Objective: Swallowing and voice impairment are common after thyroidectomy. We evaluated short-term functional changes in esophageal motility in a series of patients who had undergone total thyroidectomy. Several studies have investigated these symptoms by means of interviews or questionnaires.
Study design: Prospective study.
Setting: Academic research.
Materials and methods: Thirty-six consenting patients were prospectively recruited. Eligibility criteria were thyroid volume ≤ 60 mL, benign disease, and age between 18 and 65 years. Exclusion criteria were previous neck surgery, severe thyroiditis, hyperthyroidism, and pre- or postoperative vocal cord palsy. Voice impairment score, swallowing impairment score, lower esophageal sphincter pressure, esophageal motility, upper esophageal pressure, and coordination were evaluated preoperatively and 30 to 45 days after surgery.

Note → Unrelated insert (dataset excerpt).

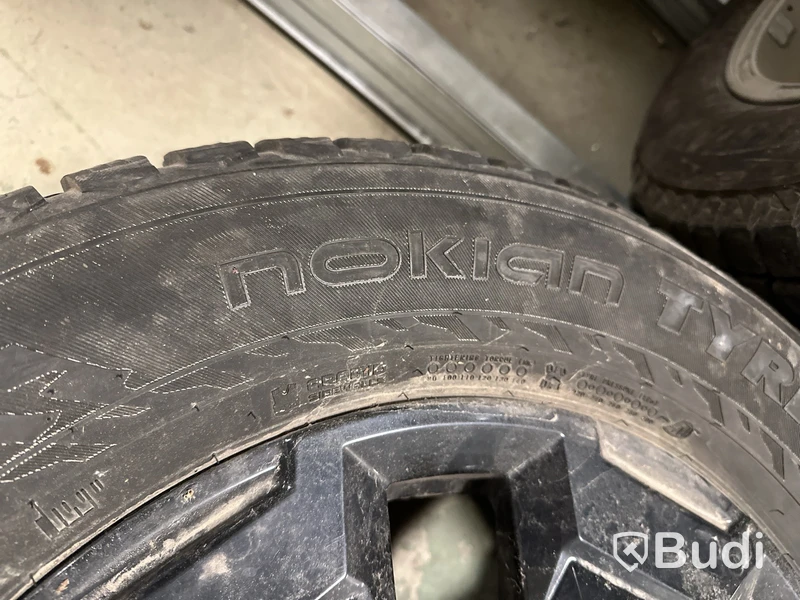 4 st. Vinterhjul, Nokian 255/50R18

Results: Postoperative swallowing impairment (appearance or worsening of dysphagia) was found in 20% of patients and voice impairment in more than 30%. Both preoperative and postoperative esophageal motility were similar. All patients showed an average decrease of 25% in upper esophageal pressure, although the pressure was within normal range. Swallowing alterations were associated with upper esophageal incoordination (P < .03), and proximal acid reflux was significantly associated with voice impairment (P < .02).
Conclusion: After uncomplicated thyroidectomy, decreased upper esophageal pressure may explain both pharyngeal (dysphagia) and laryngeal (vocal impairment) exposure to acid. In the future, proton pump inhibitor therapy protocols should be evaluated.
Keywords: dysphagia; thyroidectomy; voice impairment.